**EXERCISE DATA**
======

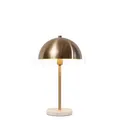 IT'S ABOUT ROMI Toulouse Tischlampe Lampe Marmorfuß Schreibtisch Beleuchtung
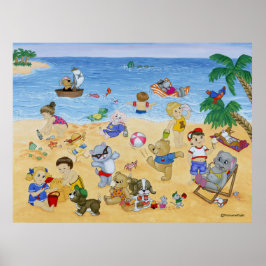 シーサイド魔法 ポスター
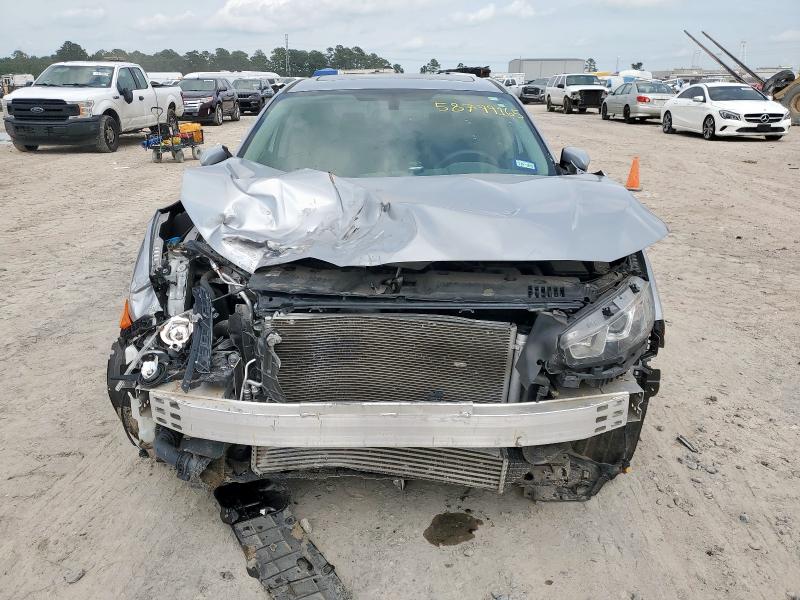 19XFC1F72HE028865 - 2017 HONDA CIVIC EXL SILVER photo 5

======

**PROBLEM REQUIREMENTS**
All of the material above is to be copied exactly, except for its images.

**YOUR SOLUTION**
 IT'S ABOUT ROMI Toulouse Tischlampe Lampe Marmorfuß Schreibtisch Beleuchtung
 シーサイド魔法 ポスター
 19XFC1F72HE028865 - 2017 HONDA CIVIC EXL SILVER photo 5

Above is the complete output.